Administration of a 5HT3 receptor antagonist increases the intake of diets containing Eucalyptus secondary metabolites by marsupials
I. R. Lawler,1 W. J. Foley,2 G. J. Pass,2 B. M. Eschler2
1 Division of Botany and Zoology, Australian National University, 0200 Canberra, Australian Capital Territory, Australia
2 Division of Botany and Zoology, Australian National University, 0200 Canberra, Australian Capital Territory, Australia
The effect of a naturally occurring plant phenolic constituent (the acylphloroglucinol derivative, jensenone, derived from Eucalyptus jensenii) on the food intake of two folivorous marsupials, the common ringtail (Pseudocheirus peregrinus) and the common brushtail possum (Trichosurus vulpecula) was studied. When fed diets containing varying concentrations of jensenone, both species regulated their intake of jensenone so as not to exceed a ceiling intake. This ceiling was about twice as high for common ringtails as for common brushtails from northern Australia. Southern populations of common ringtails showed greatly reduced capacities to tolerate jensenone. When common brushtails were injected (0.5 mg x kg-0.75 body mass) with ondansetron (a selective antagonist of serotonin 5HT3 receptors), they ate significantly more jensenone than animals injected with physiological saline. The same pattern was observed when common ringtails were fed diets containing both jensenone and ondansetron (0.0035 mg x g-1 wet mass of diet). Ondansetron injection had no effect on food intake when the food did not contain jensenone while the addition of higher doses of ondansetron to diets of common ringtails very slightly reduced food intakes of a non-jensenone diet.
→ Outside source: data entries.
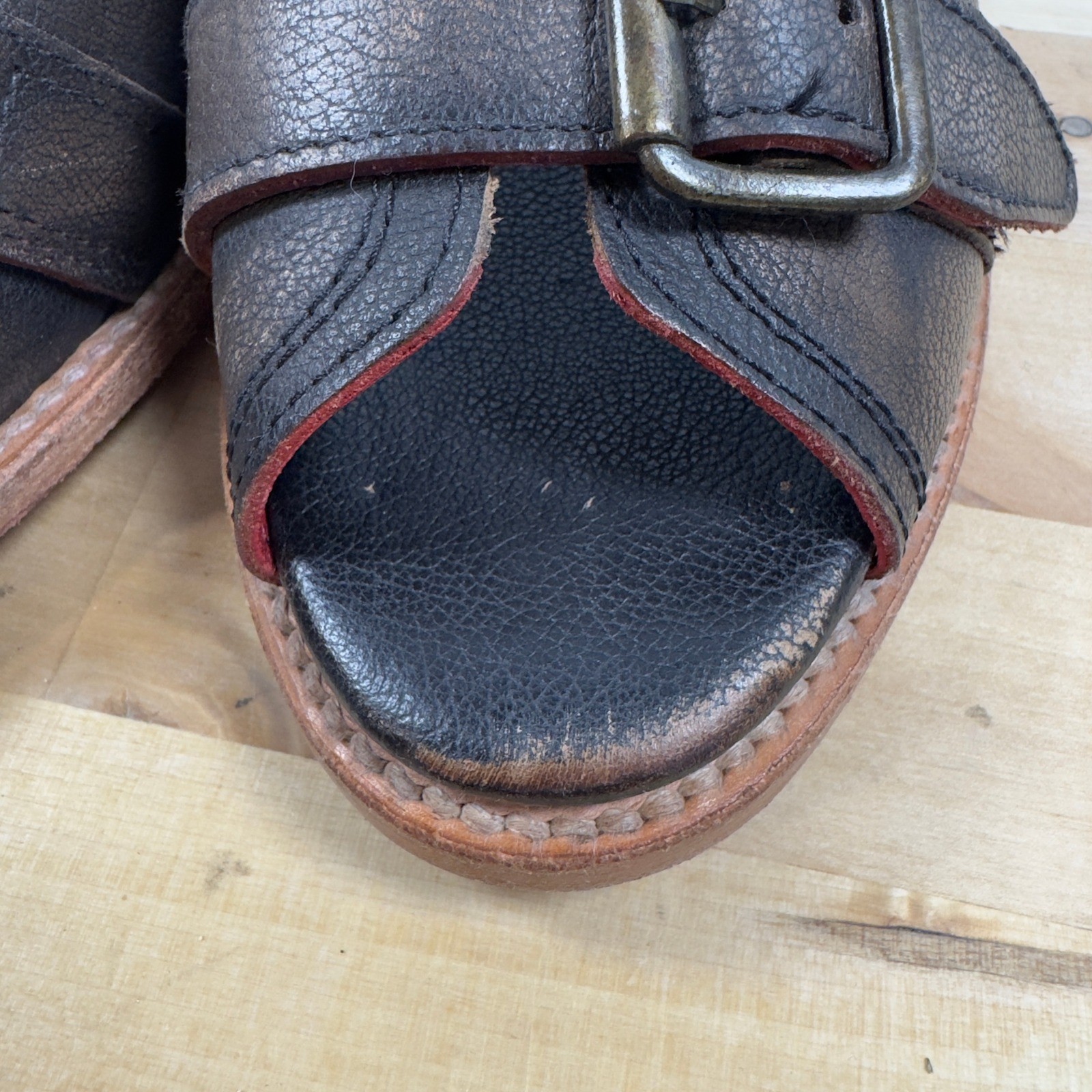 Freebird by Steven Caprice Black Leather Buckle Mules Block Heel Sandals Size 10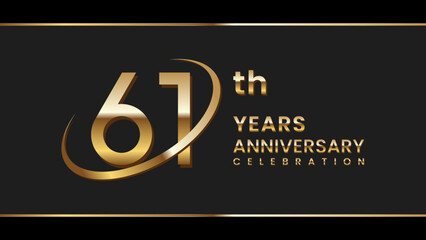 61th anniversary logo design with gold color ring and text. Logo Vector Illustration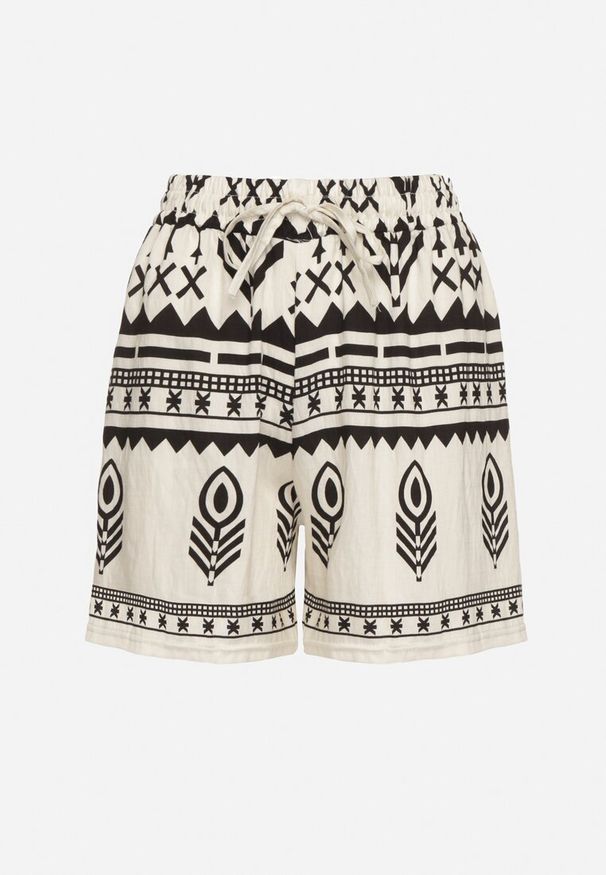 Born2be - Czarno-Kremowe Szorty z Wiskozy z Wysokim Stanem ze Wzorem w Stylu Etno Lunabella. Okazja: na co dzień. Stan: podwyższony. Kolor: czarny. Materiał: wiskoza. Styl: etno
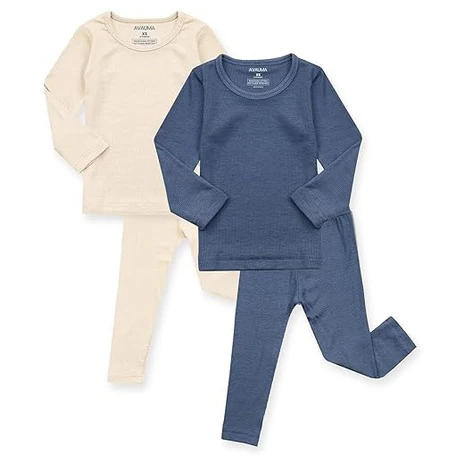 Pack of 2 Size 4T Blue, Beige Ribbed Pajamas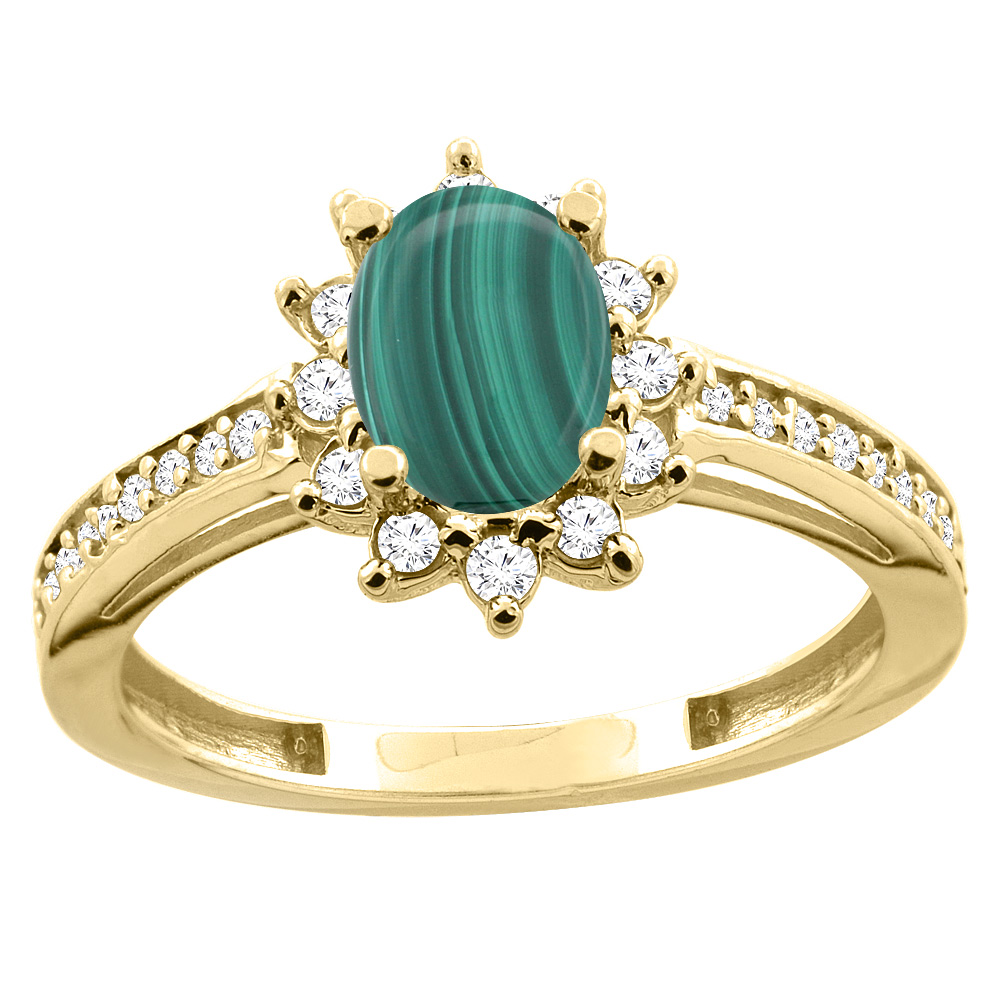 Sabrina Silver 14K White/Yellow Gold Diamond Natural Malachite Floral Halo Engagement Ring Oval 7x5mm, sizes 5 - 10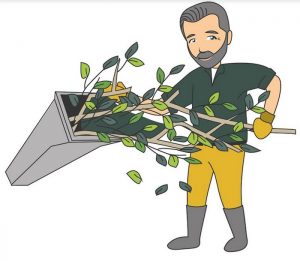 Déchets verts : opération de broyage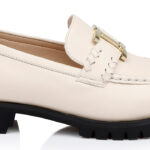 Bone Smooth Leather Loafer - Angle View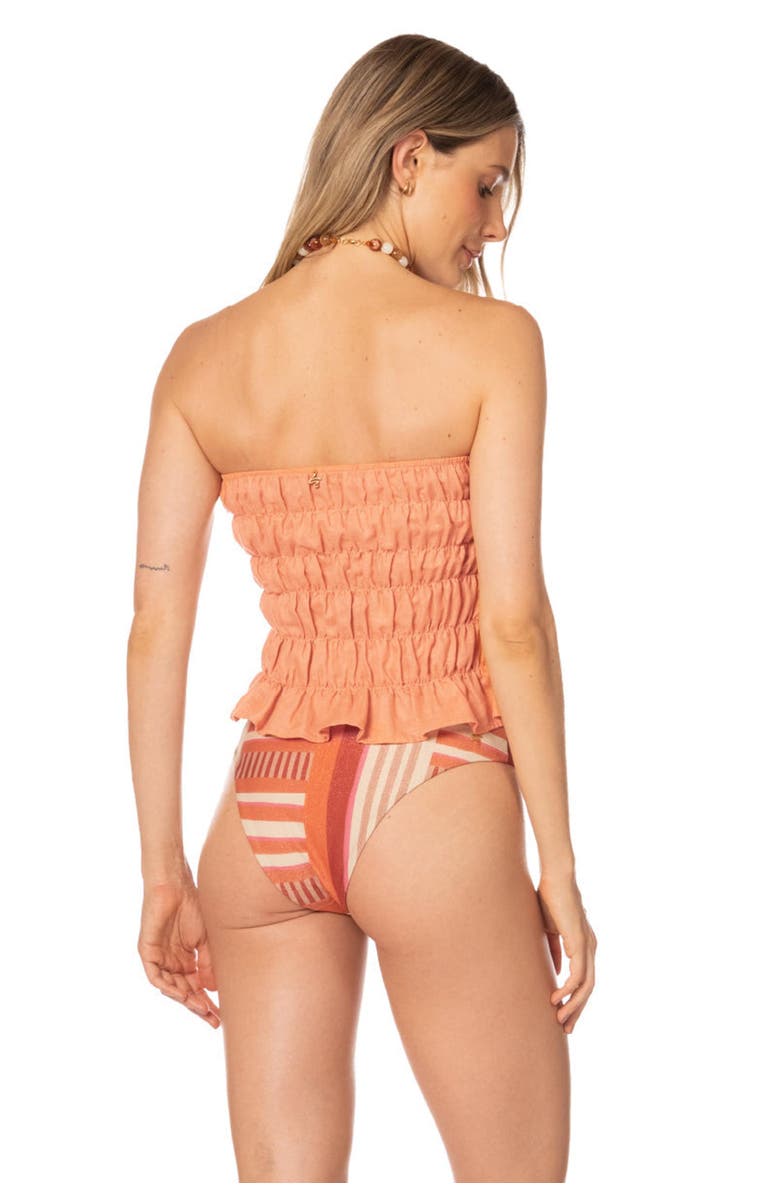 KIBYS Sunset Baazar Smocked Amira Crop Top, Alternate, color, Pastel Orange Tangerine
When common brushtails were given 50 mg of jensenone by gastric lavage, their average subsequent intake of dietary jensenone matched the difference between the daily threshold and the dose given, although the response of individuals was highly variable. Lavage with water alone had no effect on subsequent jensenone intake compared with the pre-dose period. We interpret these results as evidence that the antifeedant effects of jensenone and related compounds are partly mediated by serotonin action on 5HT3 receptors most likely via "nausea'' to condition a food aversion.